Архе. Оперон. Логос. Сущее. Абсолютное. Бог. Как ни назови эту первопричину, беспредельность, «замысел, устроивший все», согласие с ним, возможность говорить его правду и действовать в соответствии с ней — не это ли единственная разумность для всякого представителя творческого народа? И вновь на ум Константину приходили эпические стихи, столь глубоко врезавшиеся в его память, что ни одно их слово не могла затуманить намертво вкоренившаяся в его теле боль.
Не возникает оно и не подчиняется смерти.
Цельное все, без конца, не движется и однородно.
Не было в прошлом оно, не будет, но все — в настоящем.
Без перерыва одно. Ему ли разыщешь начало?
Достичь монашеских келий, впрочем, оказалось не так сложно: всего на два-три стадия поднимались они над раскинувшимися в долине поселениями, тому споспешествовала и дорога, какая-никакая, а все-таки позволившая ни разу за время пути не выходить из повозки.
Однако по достижении цели пути всего только разочарование поджидало самодержца ромеев. Настоящей или поддельной была грамота, красные буквы которой так походили на писаные рукой его отца, — не важно; за полвека проведенных на земле Константин все же научился различать какие-то бледные символы, когда-никогда ниспосылаемые далеким Небом. И вот в указании посетить Олимп он предполагал именно такой знак. Но-о, видимо, произошла ошибка… Сами «святые отцы» показались Константину мало отличными от тех, кто обитал внизу. На их лицах были написаны те же страсти, что и на лицах обитателей долин, и низкопоклонничали они перед ним с тем же усердием, что и какие-нибудь практоры[444], оспаривающие друг у друга право на плодородные наделы. Нет, не стоило ехать сюда…
Помимо всех театральных построений и песнопений, каковыми обитатели этого монастыря надеялись позабавить императора, в тех же целях по окончании всех, казалось бы бесконечных, гимнов и славословий в его честь был организован теологический спор, после трапезы, которая никак не свидетельствовала о стремлении ее устроителей к умерщвлению плоти. Была пятница — день поста, и потому мяса на столах не было.

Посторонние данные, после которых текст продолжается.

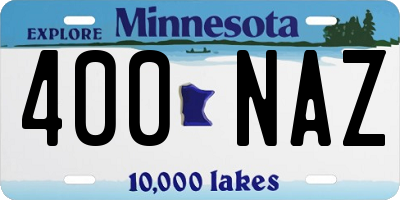 MN license plate 400NAZ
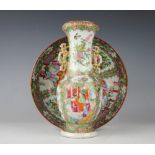 A 19th century Chinese Canton famille rose enamelled mallet type vase,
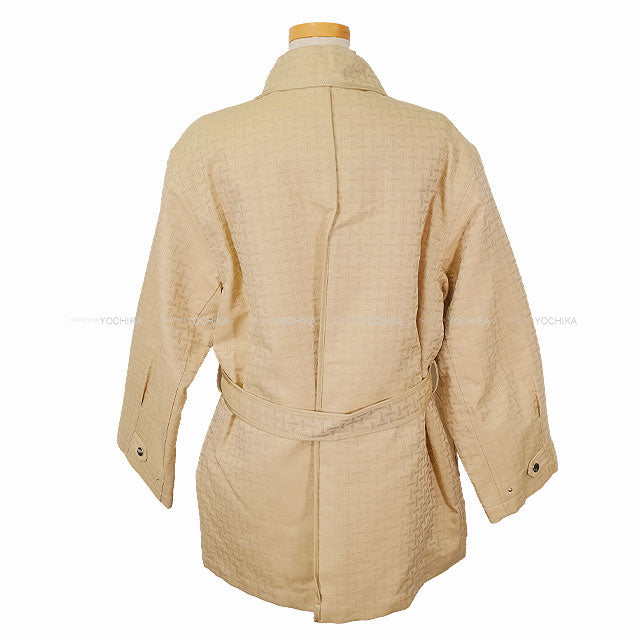 HERMES H Mosaic Belted Safari Jacket Coat beige pale Cashmere/Polyester #36[BRAND NEW][Authentic]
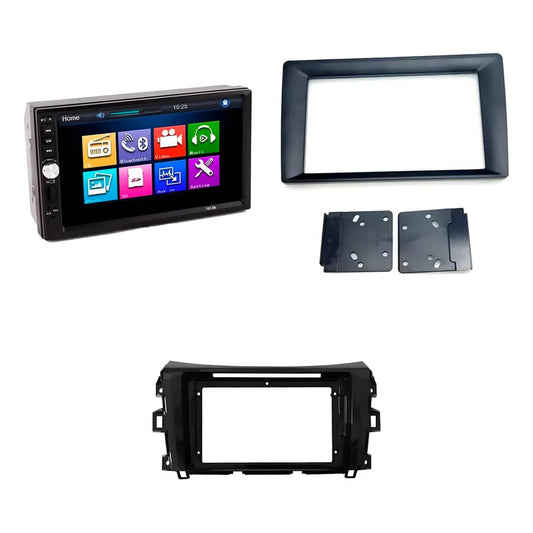 Kit Radio Navara: Bisel 9 Np300 + Radio 2 Din Mirror Link Con Mando + Adaptador 9 A 7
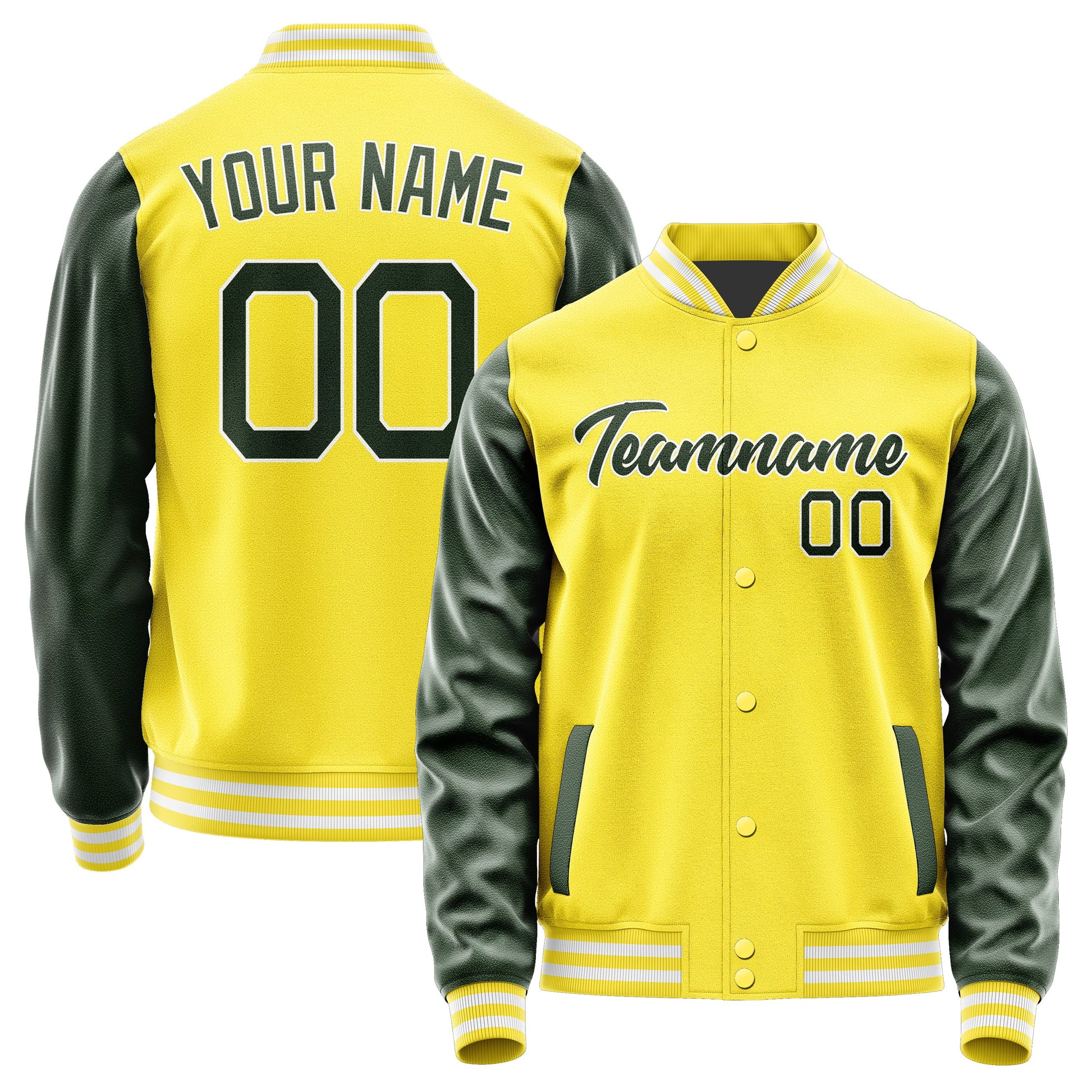 Custom Light Yellow Dark Green Jacket JA2626062618B21806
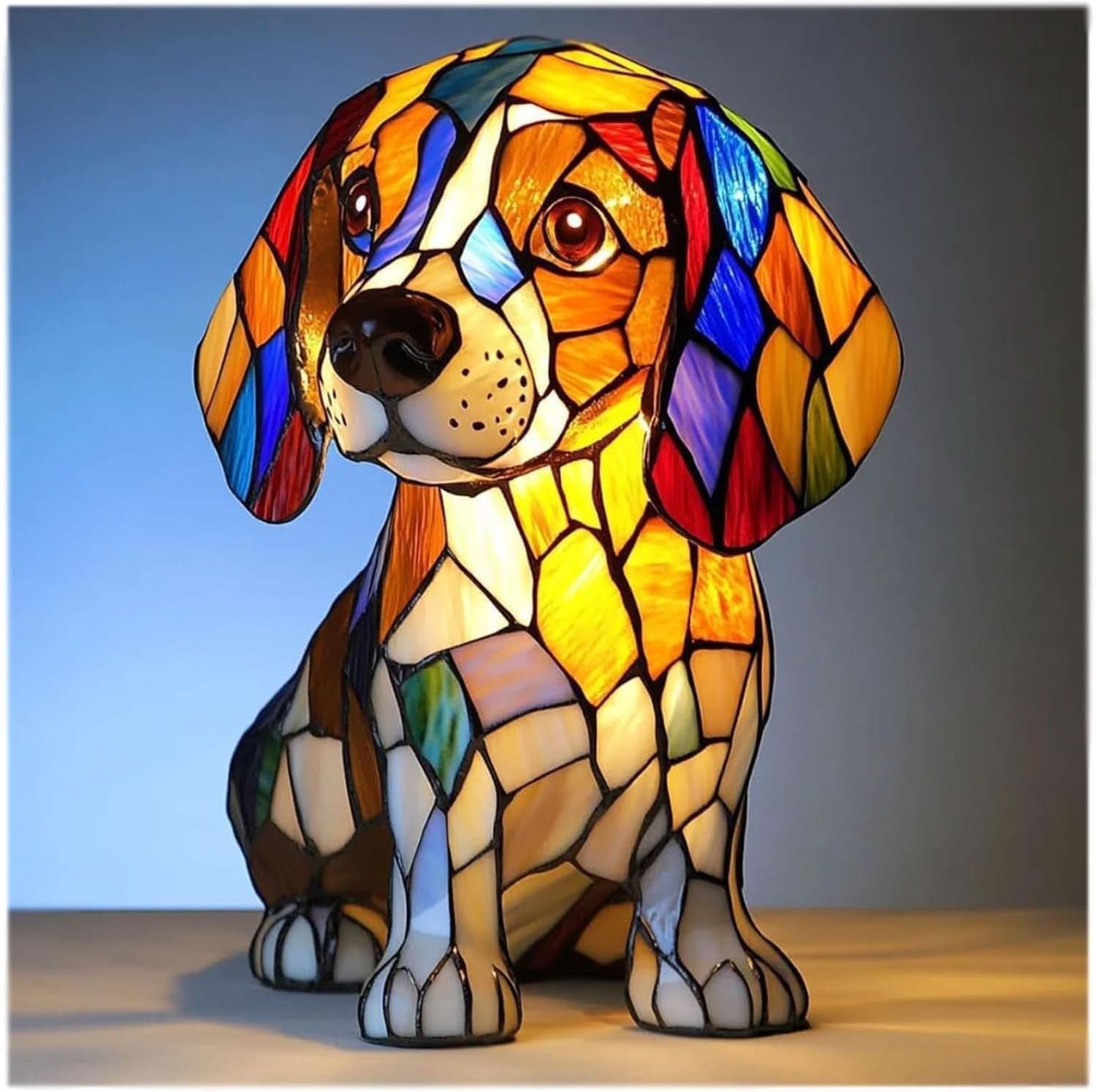 Artistic LED Night Light – Glimmering Dog Breed Figurine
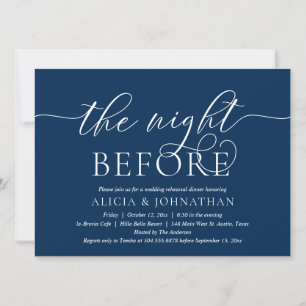 Invitation La Nuit Avant, Dîner de Répétition de Mariage Mode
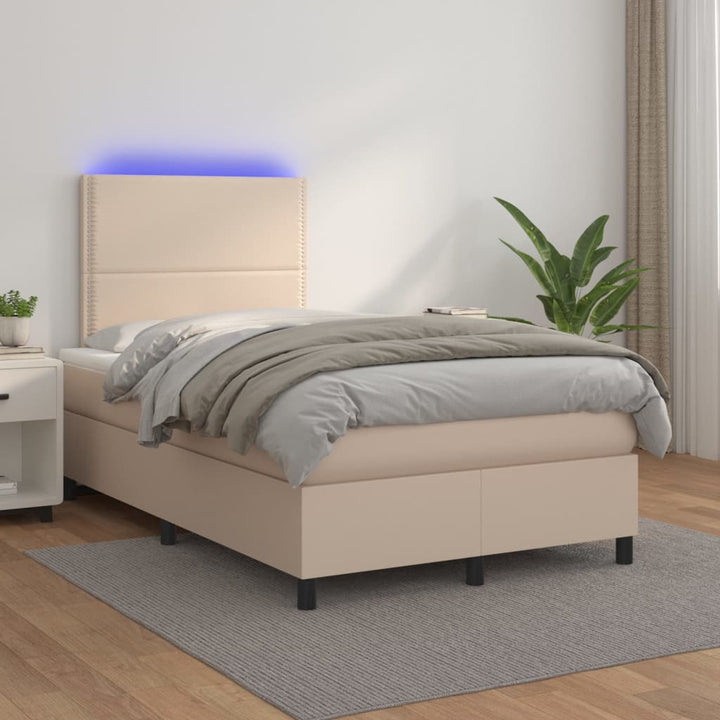Ramsäng Med Bäddmadrass &amp; Led Gräddvit Konstläder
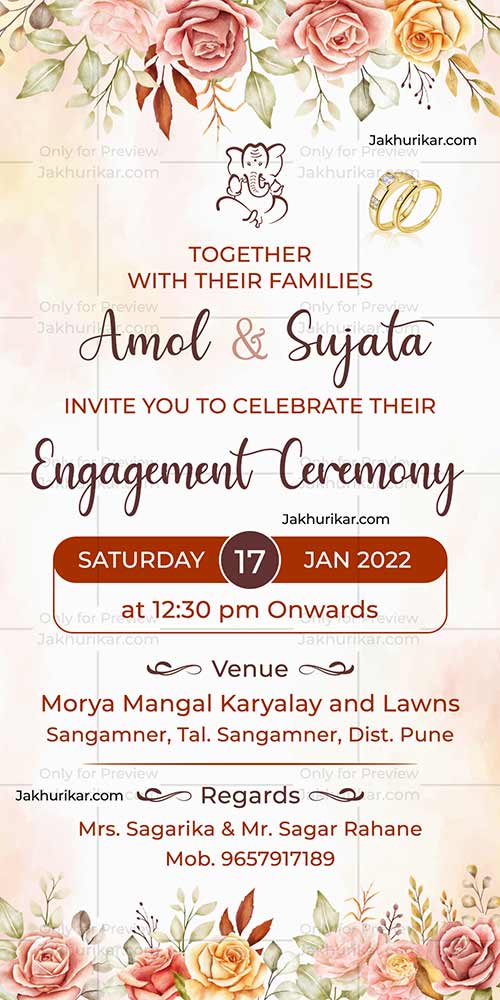 Engagement invitation card download free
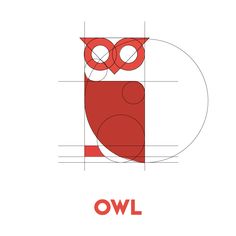 an owl is shown with the word owl in it's center and red letters below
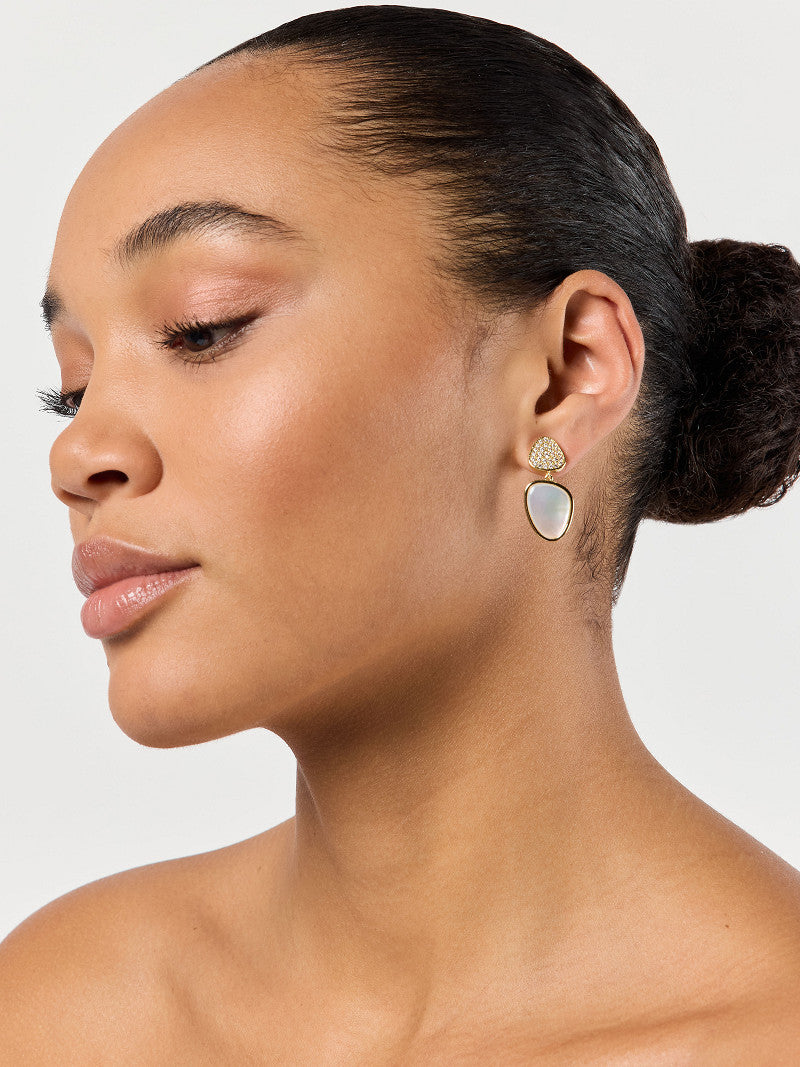 Poirier Gold-Plated Bridal Drop Earrings — Ivory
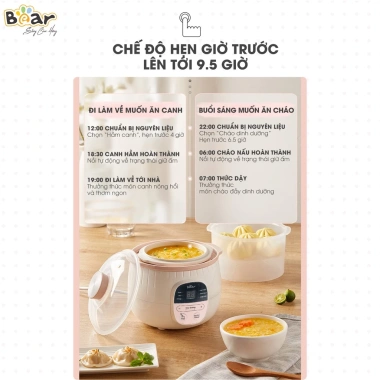Nồi Nấu Cháo Chậm 0.8L BEAR SUBE001 - Đậm Dưỡng Chất, Chưng Yến, Giá 560.000 VND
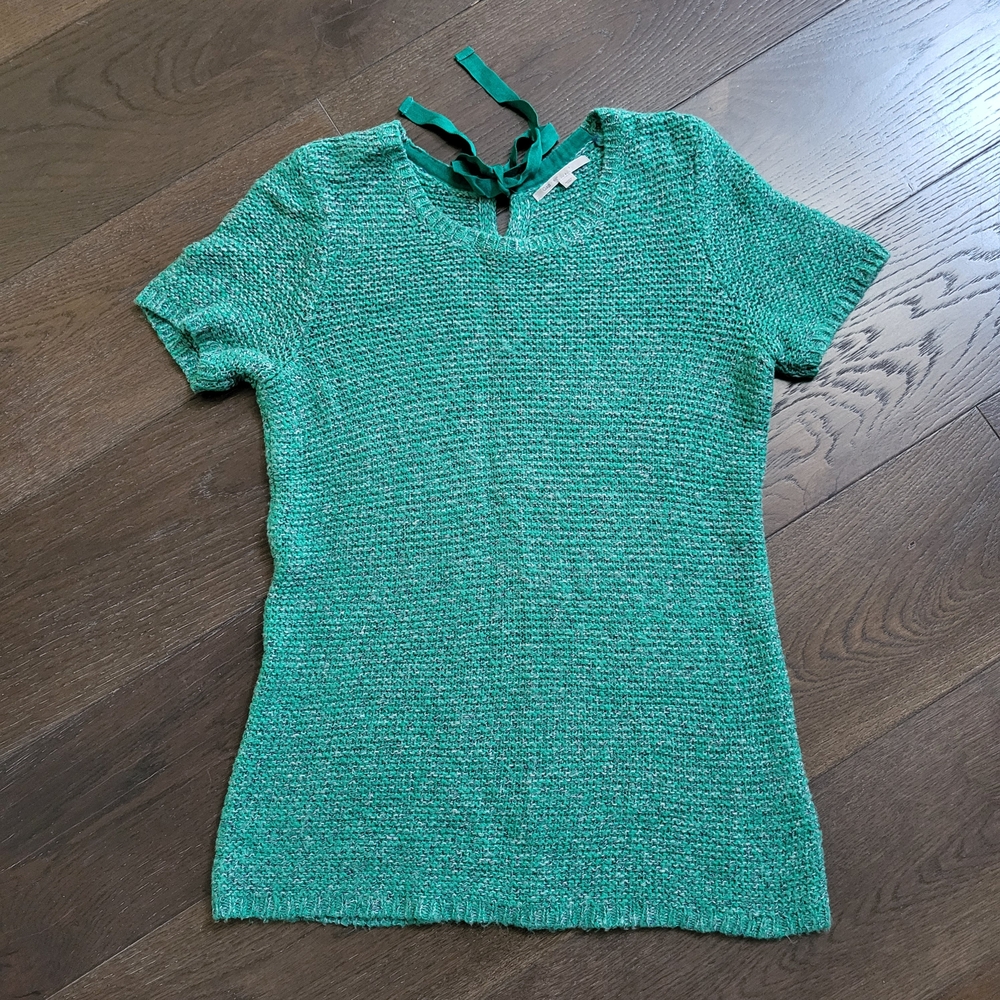 GAP Green Knit Tie-Back Short Sleeve Sweater Womens Size Small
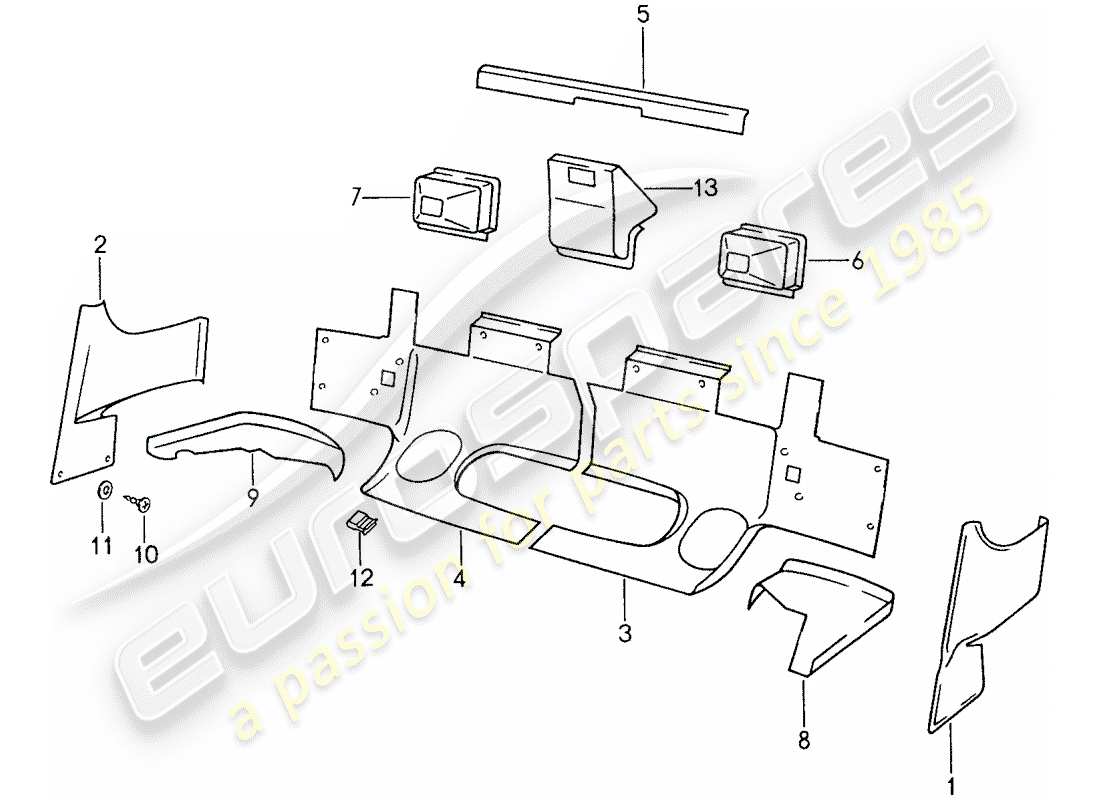 porsche 1987 (959) heat deflector - bumper parts diagram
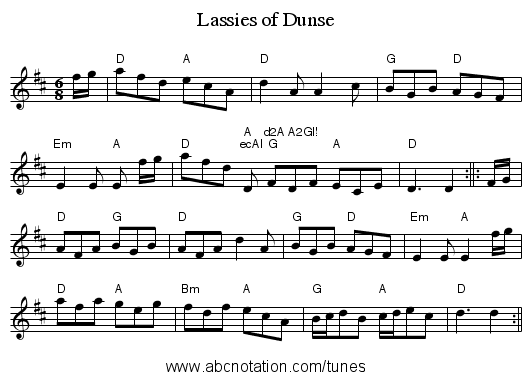 Lassies of Dunse - staff notation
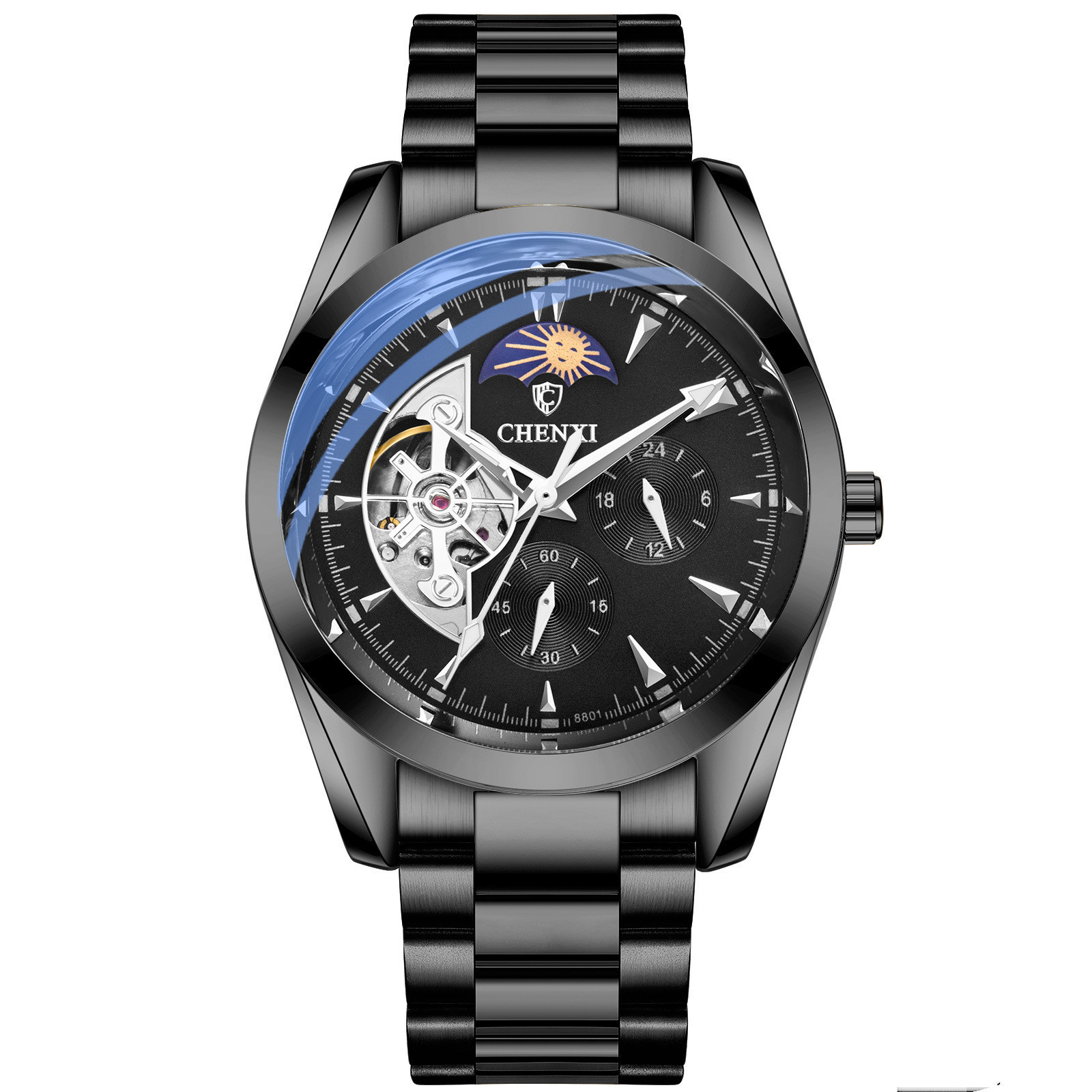 Men's Hand Waterproof Sun Moon And Stars Automatic Hollow Mechanical Watch - Image 4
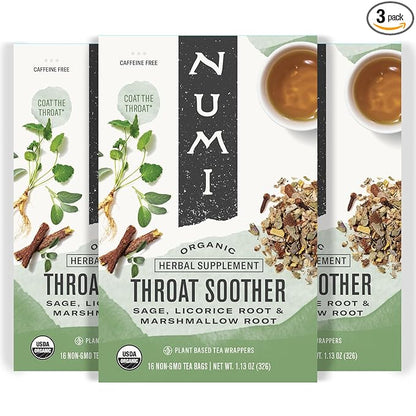 Numi Organic Throat Soother Tea, 16 Tea Bags (Pack of 3), Licorice and Marshmallow Root Tea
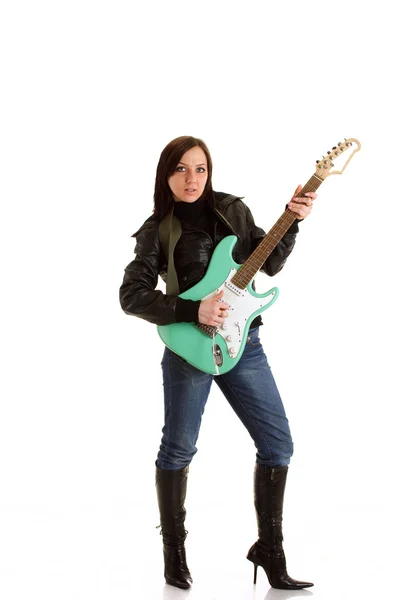 Girl with e-guitar — Stock Photo, Image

Его заменяли сложные блюда из редких и дорогих пород рыб, из причудливых, диковинных плодов, что, безусловно, являлось куда более изощренным развратом, нежели обыкновенное мясоястие. А вот пища для ума была подана, воистину, постная. И если присутствовала какая-то потешность в том, как какой-нибудь деревенский невежа в монашеской рясе, сущий облом, рассуждал о «божественном замысле», о «божественном воплощении Божия слова», то участие в играх плебейскими идеалами и еврейскими представлениями видимо умных людей, каковые, несомненно, здесь также присутствовали, смотрелось почти оскорбительным.